Enéada III, 8, 5 — A parte superior da alma contempla

5. He aquí que la generación por parte de la naturaleza constituye realmente una contemplación. Y en cuanto al alma, que es anterior a la naturaleza, diremos lo siguiente: la contemplación que se da en ella, su amor a la ciencia, la investigación que realiza, su mismo dolor para procrear y, en suma, su propia plenitud, hacen que se convierta por entero en objeto de contemplación y que produzca asimismo otro objeto de contemplación. Igual ocurre con la ciencia que, llegada a su particular plenitud, produce un conocimiento más menguado en aquel escolar que recibe una imagen de ella. Los teoremas de esa ciencia aparecen en él más confusos e incapaces de mantenerse por sí mismos.

La parte primera del alma se encuentra en lo alto y siempre próxima a la cima. Permanece allí en un estado de plenitud y de iluminación eternas, participando la primera en lo inteligible. La otra parte, que participa de aquélla, avanza siempre como una vida que procede de otra vida, como una actividad que llega a todas partes y no se encuentra ausente de ninguna. En ese avance suyo, el alma deja su parte superior en el lugar que abandona su parte inferior; porque es claro que si hubiese de prescindir en absoluto de su parte superior no se encontraría ya en todas partes, sino solamente en aquel lugar donde concluye. Sin embargo, lo que ella ha avanzado no es ya igual a lo que permanece. Y si, pues, el alma debe llegar a todas partes y no ha de haber lugar alguno en el que no ejerza su actividad, aunque lo que preceda sea diferente de lo posterior; supuesto, además, que toda actividad proviene de la contemplación o de la acción y que aquí ésta no se da -porque no sería posible que precediese a la contemplación-, hemos de admitir necesariamente que ta contemplación de la parte que procede es más débil que la de la parte que permanece, siendo como es una contemplación. De modo que la acción parece ser realmente una contemplación de suma debilidad, porque conviene siempre que lo engendrado sea del mismo género que lo que engendra, y si es más débil habrá que atribuirlo a la pérdida propia del descenso.

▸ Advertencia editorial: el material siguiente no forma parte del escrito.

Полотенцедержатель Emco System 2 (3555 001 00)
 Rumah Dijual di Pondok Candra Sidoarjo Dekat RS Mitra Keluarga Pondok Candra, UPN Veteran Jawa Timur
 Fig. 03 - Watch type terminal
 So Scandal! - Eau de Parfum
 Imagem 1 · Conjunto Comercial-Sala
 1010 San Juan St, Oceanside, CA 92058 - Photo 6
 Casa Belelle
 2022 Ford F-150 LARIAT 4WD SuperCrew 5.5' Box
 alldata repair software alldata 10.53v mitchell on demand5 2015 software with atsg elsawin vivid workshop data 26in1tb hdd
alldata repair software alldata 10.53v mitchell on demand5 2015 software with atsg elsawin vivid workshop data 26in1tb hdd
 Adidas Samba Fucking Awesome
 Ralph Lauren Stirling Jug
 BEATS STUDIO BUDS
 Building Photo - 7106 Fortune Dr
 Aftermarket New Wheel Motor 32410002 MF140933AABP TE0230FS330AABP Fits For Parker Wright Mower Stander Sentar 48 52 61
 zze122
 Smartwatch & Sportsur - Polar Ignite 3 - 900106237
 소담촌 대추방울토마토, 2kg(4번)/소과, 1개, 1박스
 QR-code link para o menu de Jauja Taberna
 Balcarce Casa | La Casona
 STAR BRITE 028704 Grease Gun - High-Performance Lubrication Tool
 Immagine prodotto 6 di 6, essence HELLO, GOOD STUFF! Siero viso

Pero todo esto no produce ruido alguno, dado que el alma no tiene necesidad de objeto aparente y externo para su contemplación o su acción. Como alma que es contempla, bien que su parte contemplativa más externa no sea capaz de producir lo que viene después, de la misma manera que lo hace la parte superior. Mas, si es contemplación, ha de producir nna contemplación. Porque no hay límite que pueda oponerse tanto a la contemplación como a su objeto. Y esto, ¿ocurre también aquí? Sin duda, -puesto que se da en todas partes. ¿Dónde, en efecto, no se daría? En toda alma acontece lo mismo, porque sabemos que no está limitada en su magnitud. Pero, en verdad, no es así en todas las demás cosas ni, ciertamente, en todas las partes del alma. Dice (Platón) que “el auriga hace partícipe a los caballos de lo que él ha visto”1, y, desde luego, los caballos lo aceptan y sienten verdaderamente el deseo de lo que han visto, porque no lo han contemplado en su totalidad. Actúan entonces movidos por este deseo y su acción queda condicionada por el objeto al que tienden. Mas este objeto es un objeto de contemplación y la contemplación misma.


  1. Tratando de dar una idea del lugar supraceleste y de la vista de los dioses, dice Platón en el Fedro, 247 e., que el auriga del alma, luego de haber descendido al interior del ciclo, “coloca los caballos junto al pesebre, les sirve ambrosía y después los abreva con néctar”.